Assigned task → Nothing but the images is to be left out of your exact copy of the entries.

↓↓↓

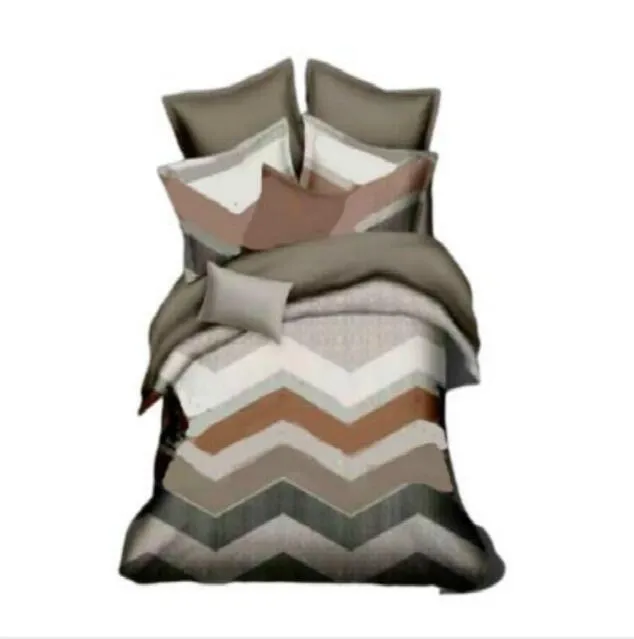 春の夏の最新の寝具カバーセットファッション印刷チャイルドアダルトシートカバーレトロ4ピースパターン寝具セット002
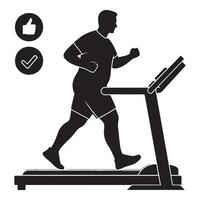Plus Size Man Running on Treadmill Silhouette vector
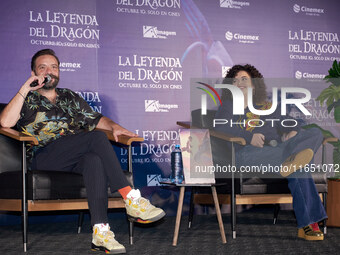 Miguel Burra and Lucero Mijares speak during a press conference to promote the animated film 'La Leyenda del Dragon' at Cinemex Artz Pedrega...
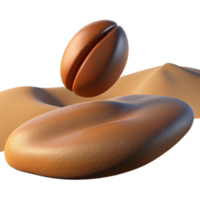Coffee Bean Falling on Sand Dune 3D Render png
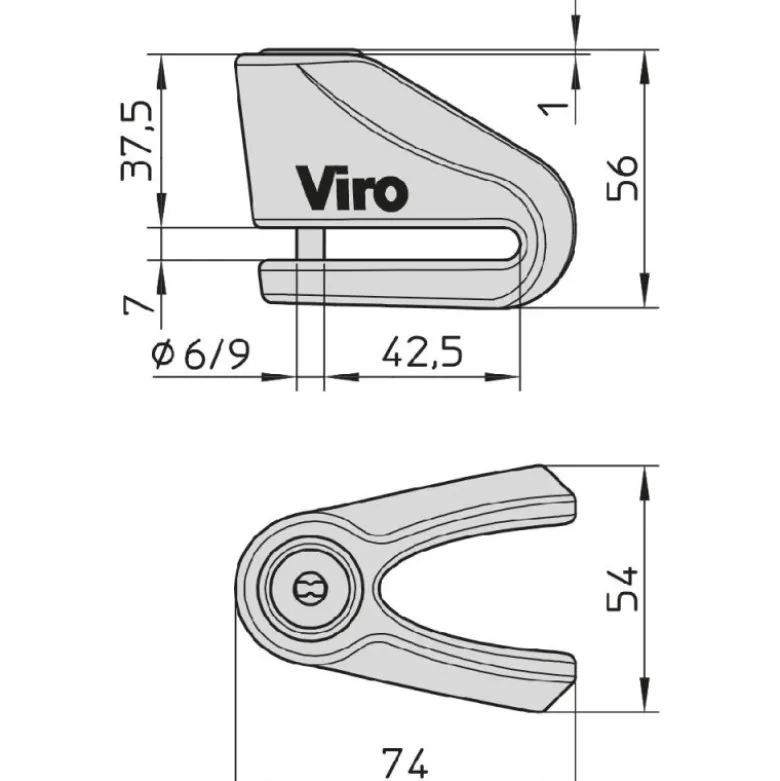 Bloccadisco Moto Viro 166.9 New Hardened Acciaio Cementato 6mm 3 Chiavi Incluse Nero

↑↑↑

Solution to this exercise →
 春の夏の最新の寝具カバーセットファッション印刷チャイルドアダルトシートカバーレトロ4ピースパターン寝具セット002
Plus Size Man Running on Treadmill Silhouette vector
 Miguel Burra and Lucero Mijares speak during a press conference to promote the animated film 'La Leyenda del Dragon' at Cinemex Artz Pedrega...
Coffee Bean Falling on Sand Dune 3D Render png
 Bloccadisco Moto Viro 166.9 New Hardened Acciaio Cementato 6mm 3 Chiavi Incluse Nero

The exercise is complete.